Performance Frontiers

INDEX

GSWHC-B Getting Started with HPC Clusters \(\rightarrow\) K2-B Performance Modeling \(\rightarrow\) K2.1-B Performance Frontiers

Relevant for: Tester, Builder, and Developer

Description:

You will learn about FLOPS (floating point operations per second) which is the key measurement unit for the performance of HPC systems, and its pitfalls (basic level)
You will learn about Moore’s law and its significance for performance frontiers in modern HPC (basic level) (background topic)
You will learn about the definitions for key terms: speedup, efficiency, and scalability (basic level)
You will learn about Amdahl’s law and its significance for performance frontiers in modern HPC (basic level)

This skill requires no sub-skills

Level: basic

Floating Point Operations per Second (FLOPS)

A key measure for the performance of HPC systems are so-called floating point operations per second (FLOPS or Flop/s), which are in the order of several PetaFLOPS for the top HPC systems of 2017. One PetaFLOPS (PFLOPS) corresponds to 10\(^{15}\) FLOPS or 10\(^{3}\) TeraFlops (TFLOPS), respectively. In comparison, a stand-alone computer, like a powerful PC, achieves a peak performance of about 1 TeraFLOPS.

This measurement is generally used in two distinct ways:

To measure the computing power of a computer.

In the context of HPC systems, such measurements are collected in the TOP 500 list. This list, which is updated twice per year, lists 500 supercomputers ranked by the FLOPS they achieve in the Linpack benchmark. Because this list also contains a number of additional details of the different machines, like CPU architectures, power consumption, node count, OS, etc., it is a valuable resource to spot trends in the field of high performance computing.
To measure the performance of applications.

Modern CPUs provide the feature of counting every floating point operation that they execute. This can be used to obtain the FLOPS that an application actually uses, and to compare it to its peak performance (the FLOPS that the machine is theoretically able to deliver). The idea is to use this FLOP utilization to assess how well-optimized the application code is.

Pitfalls

While the measurement FLOPS is frequently used to gauge the computing power of a system and of applications, it is also a disputed measurement. Its connection to actual application performance is too loose.
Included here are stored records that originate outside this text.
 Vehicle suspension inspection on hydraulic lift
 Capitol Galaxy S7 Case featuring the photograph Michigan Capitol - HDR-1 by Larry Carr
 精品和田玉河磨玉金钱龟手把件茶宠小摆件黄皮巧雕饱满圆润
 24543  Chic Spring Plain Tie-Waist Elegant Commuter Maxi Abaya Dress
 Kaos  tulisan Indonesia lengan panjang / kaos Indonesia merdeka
For instance, many of the top systems on the TOP 500 list use GPUs to achieve their immense FLOPS, yet many scientific codes perform better on pure CPU based systems.

So, this is a list of the most important pitfalls of using FLOPS to assess computing power:

Many scientific applications are memory bound, not CPU bound.
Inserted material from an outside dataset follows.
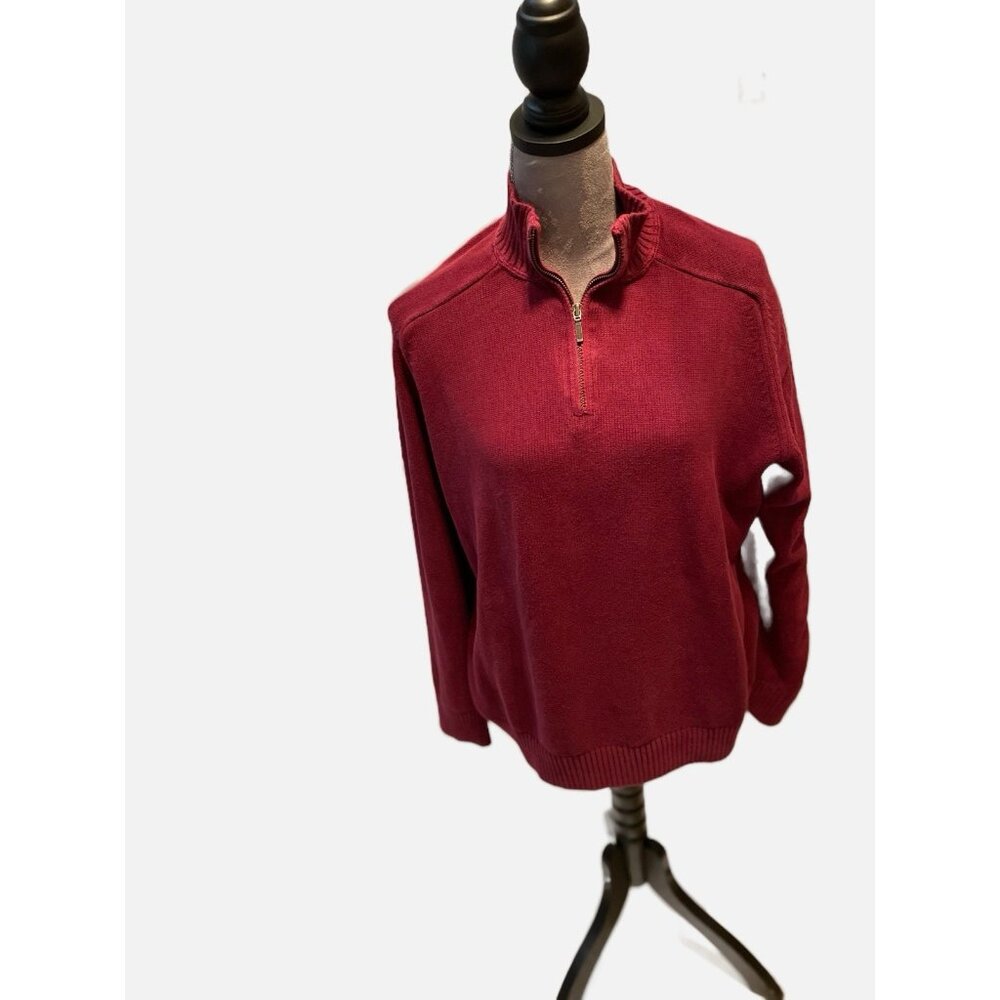 Vintage Breakwater Women High Neck Burgundy Chunky Sweater 100% Cotton Size XL.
The arithmetic-logical units that perform the computations are but one of the resources within a CPU. Other resources are important as well, such as caches, instruction decoder slots, and memory buses. If there is not enough computation to be done for each value that is fetched from memory / stored to memory, the memory buses will saturate and become the bottleneck of the application.

Typical offenders of this include computing the dot product of two long vectors: This will repeatedly load two values (2x8 = 16 bytes) from memory, and then execute a single fused-multiply-and-add operation (fmadd). With vectorization, four of these operations can be performed in a single instruction, but require fetching 4x16 = 64 bytes to work on. A DDR4-3200 memory module can deliver 25.6 GByte/s, which is just enough input data for 400 million arithmetic instructions per second. So, the vectorized fmadd instruction is executed with no more than 400 MHz when the CPU hits the memory wall, independent of the CPU clock speed which is usually around 3000 MHz these days.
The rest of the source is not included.